Members have numerous alternative venues that they may participate on
and direct their order flow, including 17 other options exchanges and
off-exchange venues. Additionally, the Exchange represents a small
percentage of the overall market. Based on publicly available
information, no single options exchange has more than 17% of the market
share.\17\ Therefore, no exchange possesses significant pricing power
in the execution of option order flow. Indeed, participants can readily
choose to send their orders to other exchange and off-exchange venues
if they deem fee levels at those other venues to be more favorable.

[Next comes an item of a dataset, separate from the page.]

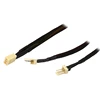 Negro neto chaqueta manga 12 pulgadas de 1 a 2 Molex TX3 3 Pin caso divisor para ventilador de refrigeración Hub Cable adaptador de corriente Cable de ATX PSU 12V/5V ► Foto 1/4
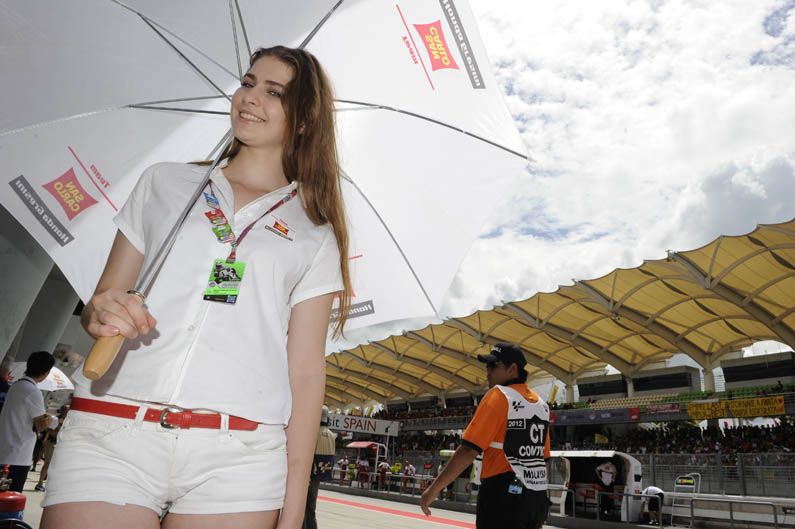 Las chicas del GP de Malasia 2012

Moreover, the Commission has repeatedly expressed its preference for
competition over regulatory intervention in determining prices,
products, and services in the securities markets. Specifically, in
Regulation NMS, the Commission highlighted the importance of market
forces in determining prices and SRO revenues and, also, recognized
that current regulation of the market system ``has been remarkably
successful in promoting market competition in its broader forms that
are most important to investors and listed companies.'' \18\ The fact
that this market is competitive has also long been recognized by the
courts. In NetCoalition v. Securities and Exchange Commission, the D.C.
Circuit stated as follows: ``[n]o one disputes that competition for
order flow is `fierce.' . . . As the SEC explained, `[i]n the U.S.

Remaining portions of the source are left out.